Social Media has changed how we consume and search for information on the Web. All major search engines now index content from feeds and blogs. Traditionally, all search engine had to do was find the relevant documents and rank the matches (often based on relevance of the page w.r.t the query and authority of the site). This was fine when content on the Web was "static" for most part. So how has the presence of Social Media content changed the notion of "relevance" in today's search engines? I think that there are four things that need to be considered when ranking Social Media search results:
- Relevance: Clearly this is the most important criteria to be optimized. There is a good deal of research including many years of TREC to understand and improve search quality. It is a challenge to get a good tradeoff between precision and recall in any IR system. With Social Media content this tradeoff may additionally depend on when one is searching for a given query. Consider searching for "Obama election results" -- clearly, if this is being searched for during a primary election season (like today), what the user is looking for is a variety of opinions and might be willing to (to an extent) compromise on the precision in favor of a higher recall. Whereas if the same query was to be performed in 2009, it is precision that would matter most.

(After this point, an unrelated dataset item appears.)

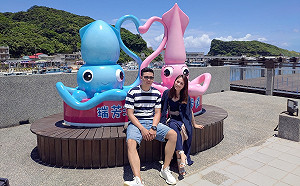 七夕月限定！深澳漁港Q版魷魚合照秀甜蜜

- Authority: PageRank, HITS and many other techniques measure a site's authority in the context of the entire graph. Traditionally, even authority is seen as a static measure of a page's importance, given all the links accumulated during the existence of the site. Is this really true in Social Media? Are all blogs equally authoritative -- always? It depends! With plenty of blogs being active and new blogs joining and leaving networks all the time, I think that the authority of a node may also change over time.
- Popularity: The "slashdot effect" (or is it the Techmeme effect now?) can make an interesting post or meme rapidly spread across the Blogosphere and causes it to suddenly rise in popularity. Popularity can be fleeting - something interesting, funny or just bizarre can gain a lot of links. These links accumulated in short bursts of time -- should not count as much as links (perhaps even fewer) that a blog received due to a sustained interest by a number of users over longer periods of times. For most part, graph analysis tools and algorithms tend to ignore this effect when ranking the importance of a node.
- Recency: Blog search engines provide ranked, relevant documents often sorted by recency. To me the interesting question is whether traditional search would also go this route and start offering ways to find recent documents? Given the proliferation of social media content in search results, this may soon be the case.
IMHO, The search engine that seems to do a good job at giving users final control over this granularity is Ask's blog search. It has a fantastic feature that lets you search based on "Relevance, Recency and Popularity". As we see a rapid increase in the portion of relevant blog and feed data presented regular search results, I guess Web search engines would find it compelling to rethink the traditional view of how they present search results.